SOAs and Meta Data Management
By David Marco
Service oriented architecture (SOA) is one of the hottest buzzwords in information technology (IT) today. Indeed, it is difficult to pick up any IT related magazine and not discover three, four or more articles on this topic. However, while a good number of senior executives are clamoring for SOAs, I find that there is a great deal of misinformation on this topic and even less knowledge on what it truly takes to implement this environment.
SOA refers to the use of “loosely coupled” (meaning that they should be independent, sharable and technology agnostic) services that are built to provide reusable business processes that enable the communication between systems and the creation of entire applications within an organization. These services will typically pass data between each other as they perform some predefined common process. The process could be as simple as basic data movement or much more intricate processes like data transformations, data cleansing or the use of multiple services to create a multi-step, complex process.

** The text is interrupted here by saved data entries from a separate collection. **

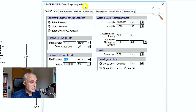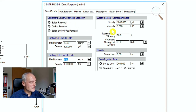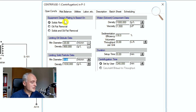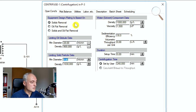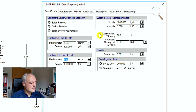We need to initialize the operation. The screen looks different from what you've seen before — each new unit has different operator conditions and texts. Equipment design is based on solids removal; we don't want to remove oil or fat, just solids. There is no oily phase in this case.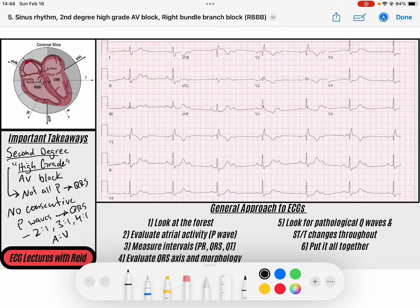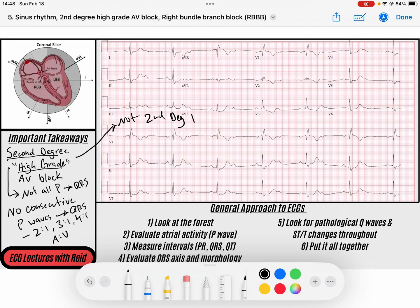It's a big misconception that these are second degree type 2 blocks — they are not. You might get taught differently, but these are properly called second degree high grade AV blocks. Now let's look at this ECG.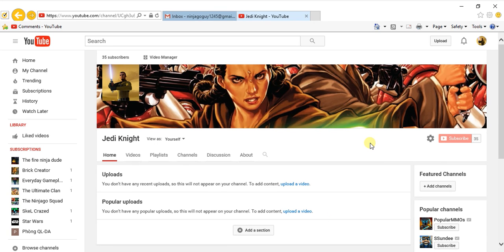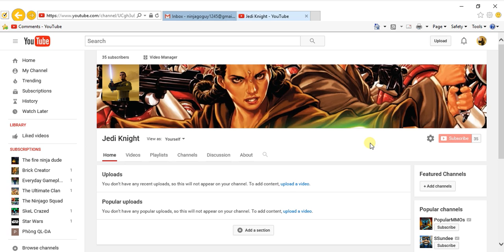Hello everyone, this is Jedi Knight here. Today I just want to do a quick video of my channel, so let's just get on with it. All right, so this is my channel.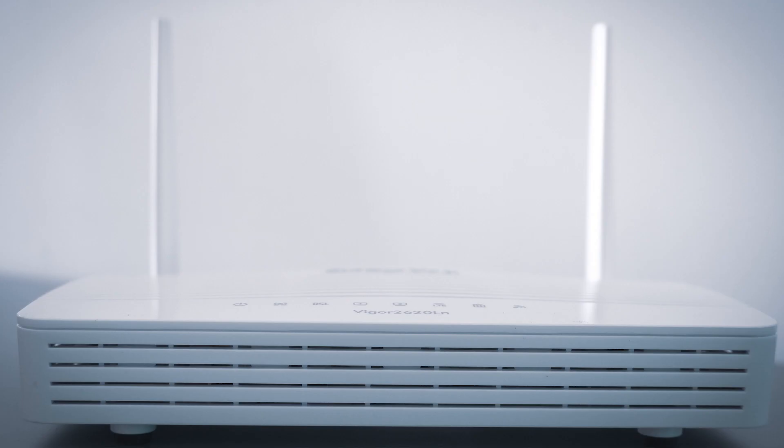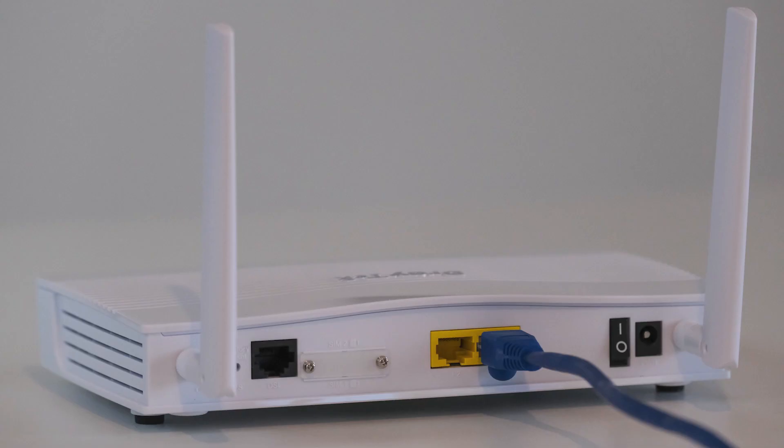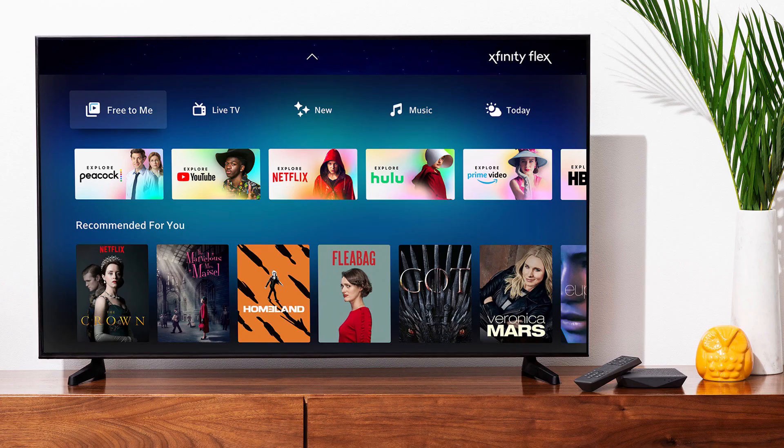If that doesn't work, then find your router that is giving you Wi-Fi and unplug the power to that for 60 seconds, then plug it back in. If that fixes it, great. If not, let's move on to the next method.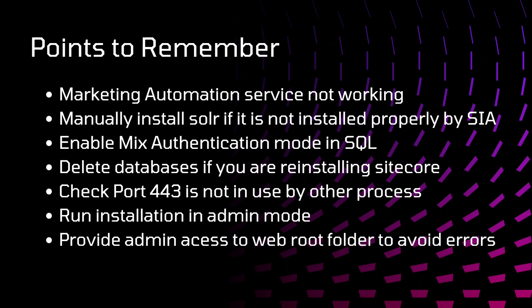Manually install Solr. Sometimes what happens is Solr is not installed properly. For that, you need to manually install Solr. I will add the links in the description from where you can go and install Solr.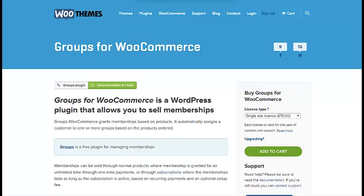WooCommerce has add-ons that allow you to sell memberships and open up some really powerful possibilities — for example, with WooCommerce you can sell stuff on Facebook and it also works with essentially every payment provider there is. There is a bit of messing around with add-ons, but they're all made by the same guys at WooThemes and they work, so it's not a big deal. So WooCommerce is an option for people who want to sell memberships on their website.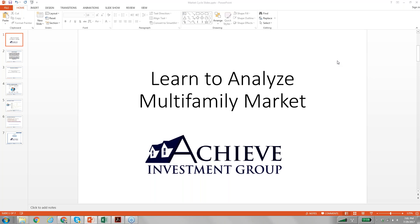Hi, this is James Kandasamy. Thanks for joining me on this Saturday evening and taking time to go through this webinar. The company is Achieve Investment Group and I'd like to do a webinar today on how to analyze multi-family markets in real time using free online resources.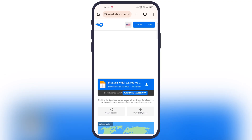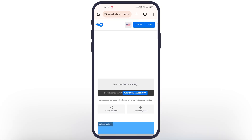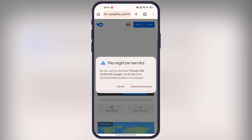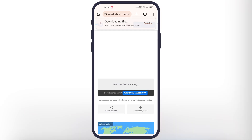Simply visit this website — I will leave the link in the description. From here, download and install the Fluxus Z executor on your device. This executor is available for Windows and Android, both 32-bit and 64-bit devices.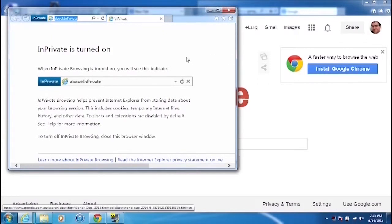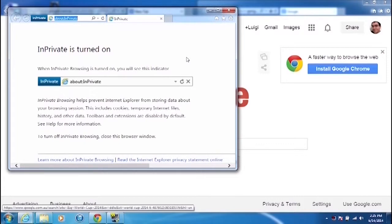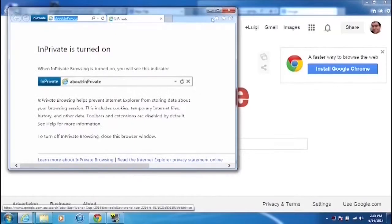now InPrivate browsing, what it does basically is if you have, let's say, a computer which is used by the whole family and you don't necessarily want the rest of the family to see websites you've been to, or if you have children and you find that it might be inappropriate for them to go looking in your browsing history, then if you use InPrivate browsing, which is what you see right here, what it will do is,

The goal of a SOA environment is to make these common services readily available so that they can be accessed without knowledge of their underlying technology platform implementation or programming language. In addition, the SOA environment should monitor the use and performance measurements of these individual services within the environment. In other words, a good SOA environment has standardized, sharable, common services that are well understood and highly efficient.
SOA Driving Factors
Many factors are driving the adoption and implementation of SOA in organizations. Chief among these factors is that the current IT application architectures are far too rigid, inflexible and inefficient. In fact, a survey by the Business Performance Management Institute found that 36% of company’s IT departments state that they have “significant difficulties” (27%) or “can’t keep up at all” (9%) with business demand. In addition, only 11% of executives say they’re able to keep up with business demand for changes to their technological processes.
SOA promises to give companies a portfolio of services (think common processes) that can be mixed and matched without difficulty, to create automated business processes with the hope of reducing application development time and costs. This is the promise that has been sold into many companies. Let’s look at what the reality has been.
SOA Defined in Real Terms
OK, your company’s key executives have bought into the suggested value of having an SOA environment, but what are the actual tasks that companies typically take in building this environment? In my experience, these companies are building messaging buses utilizing technologies like TIBCO and WebMethods, along with a host of standards like OASIS, XML, CORBA, DCOM and many others.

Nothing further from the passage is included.